Stored items
-*-*-

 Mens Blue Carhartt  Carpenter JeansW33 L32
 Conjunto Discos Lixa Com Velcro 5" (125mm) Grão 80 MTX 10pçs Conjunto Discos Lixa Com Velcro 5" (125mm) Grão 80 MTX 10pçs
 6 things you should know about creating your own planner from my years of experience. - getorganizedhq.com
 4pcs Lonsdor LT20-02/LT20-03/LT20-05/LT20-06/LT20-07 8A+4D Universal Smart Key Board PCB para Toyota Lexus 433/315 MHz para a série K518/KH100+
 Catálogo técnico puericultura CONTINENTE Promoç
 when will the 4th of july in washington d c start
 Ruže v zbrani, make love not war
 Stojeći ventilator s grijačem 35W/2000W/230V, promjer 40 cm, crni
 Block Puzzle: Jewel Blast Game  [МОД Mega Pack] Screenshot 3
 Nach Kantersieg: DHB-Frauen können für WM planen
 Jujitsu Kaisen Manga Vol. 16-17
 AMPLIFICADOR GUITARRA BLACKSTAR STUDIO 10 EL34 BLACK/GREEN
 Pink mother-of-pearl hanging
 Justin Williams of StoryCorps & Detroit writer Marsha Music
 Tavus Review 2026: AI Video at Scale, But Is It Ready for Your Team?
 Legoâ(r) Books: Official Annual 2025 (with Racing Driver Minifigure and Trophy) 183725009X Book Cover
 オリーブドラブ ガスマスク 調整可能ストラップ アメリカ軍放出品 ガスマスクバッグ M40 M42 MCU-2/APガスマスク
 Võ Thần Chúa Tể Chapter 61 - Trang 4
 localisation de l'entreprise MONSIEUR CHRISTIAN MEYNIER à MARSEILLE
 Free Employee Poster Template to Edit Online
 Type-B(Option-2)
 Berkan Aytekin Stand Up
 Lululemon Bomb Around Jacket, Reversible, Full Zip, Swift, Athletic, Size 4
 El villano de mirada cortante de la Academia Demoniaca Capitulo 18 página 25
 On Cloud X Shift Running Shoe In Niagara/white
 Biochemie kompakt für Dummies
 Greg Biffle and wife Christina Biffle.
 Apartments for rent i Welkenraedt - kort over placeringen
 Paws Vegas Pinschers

-*-*-

__Problem details__. Reproduce every entry exactly, with nothing added or dropped.

__Written answer__.
 Mens Blue Carhartt  Carpenter JeansW33 L32
 Conjunto Discos Lixa Com Velcro 5" (125mm) Grão 80 MTX 10pçs Conjunto Discos Lixa Com Velcro 5" (125mm) Grão 80 MTX 10pçs
 6 things you should know about creating your own planner from my years of experience. - getorganizedhq.com
 4pcs Lonsdor LT20-02/LT20-03/LT20-05/LT20-06/LT20-07 8A+4D Universal Smart Key Board PCB para Toyota Lexus 433/315 MHz para a série K518/KH100+
 Catálogo técnico puericultura CONTINENTE Promoç
 when will the 4th of july in washington d c start
 Ruže v zbrani, make love not war
 Stojeći ventilator s grijačem 35W/2000W/230V, promjer 40 cm, crni
 Block Puzzle: Jewel Blast Game  [МОД Mega Pack] Screenshot 3
 Nach Kantersieg: DHB-Frauen können für WM planen
 Jujitsu Kaisen Manga Vol. 16-17
 AMPLIFICADOR GUITARRA BLACKSTAR STUDIO 10 EL34 BLACK/GREEN
 Pink mother-of-pearl hanging
 Justin Williams of StoryCorps & Detroit writer Marsha Music
 Tavus Review 2026: AI Video at Scale, But Is It Ready for Your Team?
 Legoâ(r) Books: Official Annual 2025 (with Racing Driver Minifigure and Trophy) 183725009X Book Cover
 オリーブドラブ ガスマスク 調整可能ストラップ アメリカ軍放出品 ガスマスクバッグ M40 M42 MCU-2/APガスマスク
 Võ Thần Chúa Tể Chapter 61 - Trang 4
 localisation de l'entreprise MONSIEUR CHRISTIAN MEYNIER à MARSEILLE
 Free Employee Poster Template to Edit Online
 Type-B(Option-2)
 Berkan Aytekin Stand Up
 Lululemon Bomb Around Jacket, Reversible, Full Zip, Swift, Athletic, Size 4
 El villano de mirada cortante de la Academia Demoniaca Capitulo 18 página 25
 On Cloud X Shift Running Shoe In Niagara/white
 Biochemie kompakt für Dummies
 Greg Biffle and wife Christina Biffle.
 Apartments for rent i Welkenraedt - kort over placeringen
 Paws Vegas Pinschers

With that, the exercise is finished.